> _WHAT IS EXPECTED_
In the listing below, start your output at the line with "Pegatinas de grafiti" and end it after the line with "Eastrock Alto&Tenor Saxophone", copying every line exactly.

> _INFORMATION GIVEN_
*-*-*
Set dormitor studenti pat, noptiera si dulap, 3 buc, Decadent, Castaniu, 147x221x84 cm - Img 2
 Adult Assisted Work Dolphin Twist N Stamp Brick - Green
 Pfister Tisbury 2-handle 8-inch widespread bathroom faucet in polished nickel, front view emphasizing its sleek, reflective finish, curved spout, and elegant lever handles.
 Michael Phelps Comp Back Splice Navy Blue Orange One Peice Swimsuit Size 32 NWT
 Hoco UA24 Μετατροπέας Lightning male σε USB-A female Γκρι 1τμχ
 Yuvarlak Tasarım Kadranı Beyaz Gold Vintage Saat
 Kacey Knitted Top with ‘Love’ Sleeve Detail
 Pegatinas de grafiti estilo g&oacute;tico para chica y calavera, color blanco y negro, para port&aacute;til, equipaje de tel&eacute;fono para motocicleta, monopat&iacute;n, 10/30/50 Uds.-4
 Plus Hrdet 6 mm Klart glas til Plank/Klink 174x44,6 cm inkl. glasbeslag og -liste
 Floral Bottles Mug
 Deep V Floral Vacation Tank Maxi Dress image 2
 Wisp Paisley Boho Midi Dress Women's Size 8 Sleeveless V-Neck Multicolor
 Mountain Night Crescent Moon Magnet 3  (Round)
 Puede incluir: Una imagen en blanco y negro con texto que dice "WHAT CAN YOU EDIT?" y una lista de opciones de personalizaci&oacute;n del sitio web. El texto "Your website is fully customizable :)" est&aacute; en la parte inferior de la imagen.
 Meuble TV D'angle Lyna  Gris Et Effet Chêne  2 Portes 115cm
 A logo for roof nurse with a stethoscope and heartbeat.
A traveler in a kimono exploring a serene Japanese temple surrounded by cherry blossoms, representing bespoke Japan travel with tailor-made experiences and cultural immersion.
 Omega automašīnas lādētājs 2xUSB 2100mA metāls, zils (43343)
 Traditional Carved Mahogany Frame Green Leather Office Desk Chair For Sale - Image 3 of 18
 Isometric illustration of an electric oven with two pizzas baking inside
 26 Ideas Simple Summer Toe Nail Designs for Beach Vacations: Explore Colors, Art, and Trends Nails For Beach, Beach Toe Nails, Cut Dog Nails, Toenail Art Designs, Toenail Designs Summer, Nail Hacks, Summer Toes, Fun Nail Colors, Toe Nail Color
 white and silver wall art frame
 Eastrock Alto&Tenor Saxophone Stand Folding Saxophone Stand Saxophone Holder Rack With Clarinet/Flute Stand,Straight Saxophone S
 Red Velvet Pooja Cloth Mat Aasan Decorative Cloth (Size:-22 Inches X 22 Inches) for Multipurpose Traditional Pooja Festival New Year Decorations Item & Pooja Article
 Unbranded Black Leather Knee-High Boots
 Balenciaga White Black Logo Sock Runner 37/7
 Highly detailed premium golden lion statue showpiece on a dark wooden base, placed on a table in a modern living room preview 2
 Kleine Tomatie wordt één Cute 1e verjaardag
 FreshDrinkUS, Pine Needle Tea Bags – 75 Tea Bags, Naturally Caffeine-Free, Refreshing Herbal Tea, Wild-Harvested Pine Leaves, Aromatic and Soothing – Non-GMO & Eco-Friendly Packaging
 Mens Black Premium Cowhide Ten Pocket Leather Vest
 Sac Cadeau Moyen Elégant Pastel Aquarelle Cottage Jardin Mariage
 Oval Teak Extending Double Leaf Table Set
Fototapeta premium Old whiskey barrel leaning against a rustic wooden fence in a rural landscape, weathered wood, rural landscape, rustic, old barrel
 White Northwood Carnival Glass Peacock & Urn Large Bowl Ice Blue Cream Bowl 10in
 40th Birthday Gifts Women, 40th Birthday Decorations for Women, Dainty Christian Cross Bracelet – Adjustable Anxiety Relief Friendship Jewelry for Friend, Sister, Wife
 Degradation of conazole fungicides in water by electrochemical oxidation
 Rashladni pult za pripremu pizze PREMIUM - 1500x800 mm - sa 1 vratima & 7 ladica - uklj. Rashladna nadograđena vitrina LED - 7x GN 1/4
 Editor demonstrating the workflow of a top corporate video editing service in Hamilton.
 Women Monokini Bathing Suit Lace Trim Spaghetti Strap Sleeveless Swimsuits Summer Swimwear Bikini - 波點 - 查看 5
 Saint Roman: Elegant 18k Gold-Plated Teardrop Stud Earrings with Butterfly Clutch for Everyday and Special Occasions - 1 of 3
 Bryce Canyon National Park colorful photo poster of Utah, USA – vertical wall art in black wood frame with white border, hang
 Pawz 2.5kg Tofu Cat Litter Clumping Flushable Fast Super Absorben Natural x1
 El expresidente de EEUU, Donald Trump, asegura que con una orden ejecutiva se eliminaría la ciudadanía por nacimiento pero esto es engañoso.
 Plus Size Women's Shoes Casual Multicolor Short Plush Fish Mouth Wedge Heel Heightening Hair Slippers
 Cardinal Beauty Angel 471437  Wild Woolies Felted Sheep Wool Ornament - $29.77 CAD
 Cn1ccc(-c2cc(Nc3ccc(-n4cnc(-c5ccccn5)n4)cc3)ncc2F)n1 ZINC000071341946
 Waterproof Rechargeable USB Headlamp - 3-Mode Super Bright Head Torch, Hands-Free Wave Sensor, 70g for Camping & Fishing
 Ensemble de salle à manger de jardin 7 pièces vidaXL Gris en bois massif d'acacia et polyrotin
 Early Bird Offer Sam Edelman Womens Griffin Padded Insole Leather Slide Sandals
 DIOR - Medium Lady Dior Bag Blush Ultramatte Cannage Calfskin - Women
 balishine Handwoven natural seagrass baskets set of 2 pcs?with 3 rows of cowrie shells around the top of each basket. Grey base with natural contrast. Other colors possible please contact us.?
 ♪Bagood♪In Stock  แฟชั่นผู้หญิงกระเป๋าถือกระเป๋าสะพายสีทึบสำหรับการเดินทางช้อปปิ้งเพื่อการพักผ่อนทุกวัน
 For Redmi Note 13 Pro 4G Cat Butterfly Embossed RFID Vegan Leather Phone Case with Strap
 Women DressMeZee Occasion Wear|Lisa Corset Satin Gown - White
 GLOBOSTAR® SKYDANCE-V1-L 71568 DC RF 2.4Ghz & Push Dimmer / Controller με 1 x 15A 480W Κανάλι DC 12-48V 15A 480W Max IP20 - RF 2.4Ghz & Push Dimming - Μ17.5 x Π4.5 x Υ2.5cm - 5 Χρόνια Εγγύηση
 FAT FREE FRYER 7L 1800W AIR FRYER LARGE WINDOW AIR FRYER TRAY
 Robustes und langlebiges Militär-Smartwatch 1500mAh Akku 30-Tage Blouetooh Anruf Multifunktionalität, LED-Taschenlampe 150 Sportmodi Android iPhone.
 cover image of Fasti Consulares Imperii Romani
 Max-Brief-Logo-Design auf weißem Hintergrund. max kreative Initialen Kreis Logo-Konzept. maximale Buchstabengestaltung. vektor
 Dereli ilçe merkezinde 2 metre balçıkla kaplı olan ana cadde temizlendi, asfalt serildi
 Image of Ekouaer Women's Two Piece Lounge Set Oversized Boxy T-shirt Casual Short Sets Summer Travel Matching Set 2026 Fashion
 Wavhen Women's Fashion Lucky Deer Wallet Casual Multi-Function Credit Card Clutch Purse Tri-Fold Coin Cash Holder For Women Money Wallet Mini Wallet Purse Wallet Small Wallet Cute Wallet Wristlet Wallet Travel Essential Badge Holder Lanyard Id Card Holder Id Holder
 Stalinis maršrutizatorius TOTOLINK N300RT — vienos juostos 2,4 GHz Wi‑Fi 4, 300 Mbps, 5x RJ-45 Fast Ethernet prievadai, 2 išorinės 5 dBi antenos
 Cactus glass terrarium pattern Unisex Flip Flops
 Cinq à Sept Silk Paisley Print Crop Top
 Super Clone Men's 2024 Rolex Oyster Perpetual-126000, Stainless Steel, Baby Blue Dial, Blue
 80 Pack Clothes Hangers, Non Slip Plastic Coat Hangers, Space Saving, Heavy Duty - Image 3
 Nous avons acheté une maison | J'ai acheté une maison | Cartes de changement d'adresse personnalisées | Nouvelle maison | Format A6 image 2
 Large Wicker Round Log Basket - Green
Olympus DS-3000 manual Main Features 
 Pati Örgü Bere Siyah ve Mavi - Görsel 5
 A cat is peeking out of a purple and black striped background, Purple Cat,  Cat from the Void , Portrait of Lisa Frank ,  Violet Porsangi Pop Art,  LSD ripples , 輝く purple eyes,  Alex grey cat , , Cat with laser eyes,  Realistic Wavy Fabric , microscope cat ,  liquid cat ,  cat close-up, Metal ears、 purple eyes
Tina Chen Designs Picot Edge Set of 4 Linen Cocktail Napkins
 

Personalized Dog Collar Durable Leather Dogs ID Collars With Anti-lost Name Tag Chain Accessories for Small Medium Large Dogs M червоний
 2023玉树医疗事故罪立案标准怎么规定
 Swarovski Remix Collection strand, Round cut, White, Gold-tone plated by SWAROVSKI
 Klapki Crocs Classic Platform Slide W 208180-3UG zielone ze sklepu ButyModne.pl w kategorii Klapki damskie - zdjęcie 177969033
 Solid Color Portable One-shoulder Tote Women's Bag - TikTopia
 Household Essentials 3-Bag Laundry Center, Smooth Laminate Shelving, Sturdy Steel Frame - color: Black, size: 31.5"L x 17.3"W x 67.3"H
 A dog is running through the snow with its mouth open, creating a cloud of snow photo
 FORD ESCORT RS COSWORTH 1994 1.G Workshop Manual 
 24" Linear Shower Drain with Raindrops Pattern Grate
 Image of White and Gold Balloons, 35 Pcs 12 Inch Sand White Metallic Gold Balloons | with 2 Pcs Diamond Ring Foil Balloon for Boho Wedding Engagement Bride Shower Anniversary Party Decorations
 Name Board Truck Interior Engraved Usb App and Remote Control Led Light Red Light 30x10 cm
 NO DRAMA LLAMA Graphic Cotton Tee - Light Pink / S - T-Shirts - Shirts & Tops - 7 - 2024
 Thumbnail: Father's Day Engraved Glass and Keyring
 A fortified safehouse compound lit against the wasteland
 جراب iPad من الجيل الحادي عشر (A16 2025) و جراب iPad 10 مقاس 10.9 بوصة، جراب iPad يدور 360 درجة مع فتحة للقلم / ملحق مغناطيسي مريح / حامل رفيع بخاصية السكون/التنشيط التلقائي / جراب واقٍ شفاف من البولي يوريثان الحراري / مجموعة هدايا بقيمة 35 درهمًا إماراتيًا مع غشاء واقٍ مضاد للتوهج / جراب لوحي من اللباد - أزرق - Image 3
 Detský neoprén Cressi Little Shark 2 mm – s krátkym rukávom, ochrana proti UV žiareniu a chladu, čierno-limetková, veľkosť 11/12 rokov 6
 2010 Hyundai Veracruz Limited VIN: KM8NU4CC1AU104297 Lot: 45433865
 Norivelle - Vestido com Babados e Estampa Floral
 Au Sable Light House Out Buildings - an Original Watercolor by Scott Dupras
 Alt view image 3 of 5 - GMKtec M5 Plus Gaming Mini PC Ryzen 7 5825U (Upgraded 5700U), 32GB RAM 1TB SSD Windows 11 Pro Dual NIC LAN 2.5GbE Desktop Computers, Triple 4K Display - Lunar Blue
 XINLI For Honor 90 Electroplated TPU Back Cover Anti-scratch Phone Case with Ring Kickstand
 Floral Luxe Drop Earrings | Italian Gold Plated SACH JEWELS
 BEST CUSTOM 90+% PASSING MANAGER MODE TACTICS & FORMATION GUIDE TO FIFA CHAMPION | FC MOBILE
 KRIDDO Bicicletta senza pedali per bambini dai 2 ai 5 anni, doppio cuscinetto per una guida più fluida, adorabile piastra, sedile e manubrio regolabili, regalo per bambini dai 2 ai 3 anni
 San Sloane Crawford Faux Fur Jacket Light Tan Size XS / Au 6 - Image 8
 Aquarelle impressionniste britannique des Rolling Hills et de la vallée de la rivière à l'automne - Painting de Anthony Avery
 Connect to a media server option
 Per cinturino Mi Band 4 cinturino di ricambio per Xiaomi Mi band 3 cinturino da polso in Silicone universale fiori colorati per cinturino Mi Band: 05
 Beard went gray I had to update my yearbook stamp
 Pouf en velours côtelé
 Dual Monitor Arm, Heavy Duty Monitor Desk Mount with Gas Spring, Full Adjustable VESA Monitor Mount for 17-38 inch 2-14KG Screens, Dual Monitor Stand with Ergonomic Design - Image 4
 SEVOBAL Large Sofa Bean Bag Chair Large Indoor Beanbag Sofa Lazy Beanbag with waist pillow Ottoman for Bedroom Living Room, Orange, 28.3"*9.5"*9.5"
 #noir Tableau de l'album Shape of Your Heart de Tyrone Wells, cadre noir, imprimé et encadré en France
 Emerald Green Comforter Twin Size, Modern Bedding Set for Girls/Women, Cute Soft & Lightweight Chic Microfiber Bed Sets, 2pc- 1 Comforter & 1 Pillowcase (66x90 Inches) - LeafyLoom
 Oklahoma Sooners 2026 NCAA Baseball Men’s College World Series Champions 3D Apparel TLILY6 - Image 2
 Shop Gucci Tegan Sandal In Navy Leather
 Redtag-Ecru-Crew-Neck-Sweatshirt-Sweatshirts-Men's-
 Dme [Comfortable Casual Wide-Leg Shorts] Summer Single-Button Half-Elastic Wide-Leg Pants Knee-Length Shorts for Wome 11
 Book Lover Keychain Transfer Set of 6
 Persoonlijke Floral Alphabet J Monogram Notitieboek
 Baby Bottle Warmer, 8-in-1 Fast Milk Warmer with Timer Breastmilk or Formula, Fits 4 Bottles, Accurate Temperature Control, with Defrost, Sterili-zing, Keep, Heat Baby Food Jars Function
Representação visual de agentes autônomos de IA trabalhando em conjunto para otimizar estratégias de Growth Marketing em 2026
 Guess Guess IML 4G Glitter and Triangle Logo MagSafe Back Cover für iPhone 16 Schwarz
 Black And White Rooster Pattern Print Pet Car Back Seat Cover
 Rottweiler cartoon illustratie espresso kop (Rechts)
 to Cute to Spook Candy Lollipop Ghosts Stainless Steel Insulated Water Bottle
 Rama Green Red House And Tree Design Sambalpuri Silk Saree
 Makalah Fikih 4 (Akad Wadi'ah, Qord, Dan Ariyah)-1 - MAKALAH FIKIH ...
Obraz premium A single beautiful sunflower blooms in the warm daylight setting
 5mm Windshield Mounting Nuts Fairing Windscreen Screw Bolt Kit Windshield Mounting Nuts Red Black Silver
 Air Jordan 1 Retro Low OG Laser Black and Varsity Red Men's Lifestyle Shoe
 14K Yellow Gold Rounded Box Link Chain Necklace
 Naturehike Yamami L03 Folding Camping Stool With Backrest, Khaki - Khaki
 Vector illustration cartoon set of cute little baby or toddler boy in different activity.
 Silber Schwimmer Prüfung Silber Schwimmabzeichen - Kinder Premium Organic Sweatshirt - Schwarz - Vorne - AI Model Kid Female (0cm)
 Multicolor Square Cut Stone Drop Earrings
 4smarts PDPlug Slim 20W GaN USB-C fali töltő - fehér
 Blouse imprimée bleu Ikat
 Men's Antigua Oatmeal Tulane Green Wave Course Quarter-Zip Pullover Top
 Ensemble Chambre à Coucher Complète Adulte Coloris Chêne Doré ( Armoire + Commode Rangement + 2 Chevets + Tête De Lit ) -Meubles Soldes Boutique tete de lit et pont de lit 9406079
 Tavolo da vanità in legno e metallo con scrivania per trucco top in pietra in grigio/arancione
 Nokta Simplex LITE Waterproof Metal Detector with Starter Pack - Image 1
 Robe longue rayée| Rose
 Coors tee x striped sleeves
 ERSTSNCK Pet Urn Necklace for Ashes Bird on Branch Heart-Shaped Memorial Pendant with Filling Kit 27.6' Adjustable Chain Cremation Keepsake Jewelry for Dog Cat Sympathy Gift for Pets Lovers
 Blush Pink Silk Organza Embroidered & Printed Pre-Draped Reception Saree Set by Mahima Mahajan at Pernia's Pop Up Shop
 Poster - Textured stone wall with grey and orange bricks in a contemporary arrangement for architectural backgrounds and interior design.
*-*-*
> _EXERCISE OUTPUT_
 Pegatinas de grafiti estilo g&oacute;tico para chica y calavera, color blanco y negro, para port&aacute;til, equipaje de tel&eacute;fono para motocicleta, monopat&iacute;n, 10/30/50 Uds.-4
 Plus Hrdet 6 mm Klart glas til Plank/Klink 174x44,6 cm inkl. glasbeslag og -liste
 Floral Bottles Mug
 Deep V Floral Vacation Tank Maxi Dress image 2
 Wisp Paisley Boho Midi Dress Women's Size 8 Sleeveless V-Neck Multicolor
 Mountain Night Crescent Moon Magnet 3  (Round)
 Puede incluir: Una imagen en blanco y negro con texto que dice "WHAT CAN YOU EDIT?" y una lista de opciones de personalizaci&oacute;n del sitio web. El texto "Your website is fully customizable :)" est&aacute; en la parte inferior de la imagen.
 Meuble TV D'angle Lyna  Gris Et Effet Chêne  2 Portes 115cm
 A logo for roof nurse with a stethoscope and heartbeat.
A traveler in a kimono exploring a serene Japanese temple surrounded by cherry blossoms, representing bespoke Japan travel with tailor-made experiences and cultural immersion.
 Omega automašīnas lādētājs 2xUSB 2100mA metāls, zils (43343)
 Traditional Carved Mahogany Frame Green Leather Office Desk Chair For Sale - Image 3 of 18
 Isometric illustration of an electric oven with two pizzas baking inside
 26 Ideas Simple Summer Toe Nail Designs for Beach Vacations: Explore Colors, Art, and Trends Nails For Beach, Beach Toe Nails, Cut Dog Nails, Toenail Art Designs, Toenail Designs Summer, Nail Hacks, Summer Toes, Fun Nail Colors, Toe Nail Color
 white and silver wall art frame
 Eastrock Alto&Tenor Saxophone Stand Folding Saxophone Stand Saxophone Holder Rack With Clarinet/Flute Stand,Straight Saxophone S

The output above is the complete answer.